With the new announcement, the companies now have accumulated 170 infections in the study — and said only eight of them occurred in volunteers who got the actual vaccine rather than a dummy shot. One of those eight developed severe disease, the companies said.

“This is an extraordinarily strong protection,” Dr Ugur Sahin, BioNTech's CEO and co-founder, told The Associated Press.

The companies have not yet released detailed data on their study, and results have not been analysed by independent experts. Also still to be determined are important questions such as how long protection lasts and whether people might need boosters.

But all eyes are on the progress of potential vaccines as the grim infection toll jumps in the US and abroad as winter weather forces people indoors, in the close quarters that fuels viral spread.

Pfizer and BioNTech said the vaccine was more than 94 per cent effective in adults over age 65, though it is not clear exactly how that was determined with only eight infections in the vaccinated group to analyse and no breakdown provided of those people's ages.

Sahin said there were enough older adults enrolled in the study and among the placebo recipients who became infected that he is confident “this vaccine appears to work in the higher-risk population”.

Earlier this week Moderna, Inc announced that its experimental vaccine appears to be 94.5 per cent effective after an interim analysis of its late-stage study.

Similar results from two vaccines, both made with a brand-new technology — using a snippet of the genetic code of the coronavirus to train the body to recognise if the real virus comes along — likely will add to experts' reassurance about the novel approach.

While initial supplies will be scarce and rationed, as the supply grows Sahin said the companies have a responsibility to help ensure access for lower income countries as well.

Pfizer and BioNTech also say now have the required data on the vaccine's safety needed to seek emergency authorisation from the Food and Drug Administration.

The companies didn't disclose safety details but said no serious vaccine side effects have been reported, with the most common problem being fatigue after the second vaccine dose, affecting about four per cent of participants.

The study has enrolled nearly 44,000 people in the US and five other countries.
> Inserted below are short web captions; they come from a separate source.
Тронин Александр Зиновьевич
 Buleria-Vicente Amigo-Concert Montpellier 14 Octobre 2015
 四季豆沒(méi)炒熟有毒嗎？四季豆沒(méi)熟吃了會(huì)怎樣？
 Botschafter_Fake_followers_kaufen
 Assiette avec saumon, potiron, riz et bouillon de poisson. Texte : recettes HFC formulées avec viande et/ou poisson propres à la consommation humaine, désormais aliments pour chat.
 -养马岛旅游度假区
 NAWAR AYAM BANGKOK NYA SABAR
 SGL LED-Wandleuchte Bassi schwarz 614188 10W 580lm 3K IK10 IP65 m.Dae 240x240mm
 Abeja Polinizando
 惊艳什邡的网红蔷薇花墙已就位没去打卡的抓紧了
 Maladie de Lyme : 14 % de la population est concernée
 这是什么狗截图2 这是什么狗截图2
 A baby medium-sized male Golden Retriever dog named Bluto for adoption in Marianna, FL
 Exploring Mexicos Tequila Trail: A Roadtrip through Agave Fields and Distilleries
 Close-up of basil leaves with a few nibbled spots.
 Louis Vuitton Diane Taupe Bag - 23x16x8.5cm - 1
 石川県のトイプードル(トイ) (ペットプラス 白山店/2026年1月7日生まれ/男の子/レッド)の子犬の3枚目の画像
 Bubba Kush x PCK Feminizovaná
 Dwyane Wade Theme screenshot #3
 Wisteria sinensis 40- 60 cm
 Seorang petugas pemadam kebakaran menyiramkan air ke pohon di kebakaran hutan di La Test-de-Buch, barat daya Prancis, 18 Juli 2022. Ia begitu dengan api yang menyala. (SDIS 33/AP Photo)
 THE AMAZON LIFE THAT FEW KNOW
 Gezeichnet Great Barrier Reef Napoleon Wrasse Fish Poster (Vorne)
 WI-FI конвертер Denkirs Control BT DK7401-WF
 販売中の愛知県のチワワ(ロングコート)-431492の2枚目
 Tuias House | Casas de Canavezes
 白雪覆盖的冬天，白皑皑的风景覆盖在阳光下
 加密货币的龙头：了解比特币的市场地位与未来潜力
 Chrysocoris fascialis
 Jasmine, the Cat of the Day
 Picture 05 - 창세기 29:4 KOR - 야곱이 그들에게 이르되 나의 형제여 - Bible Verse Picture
The trial will continue to collect safety and effectiveness data on volunteers for two more years.

Pfizer and BioNTech said they expect to produce up to 50 million vaccine doses globally in 2020 and up to 1.3 billion doses in 2021.

US officials have said they hope to have about 20 million vaccine doses each from Moderna and Pfizer available for distribution in late December.

The first shots are expected to be offered to vulnerable groups like medical and nursing home workers, and people with serious health conditions.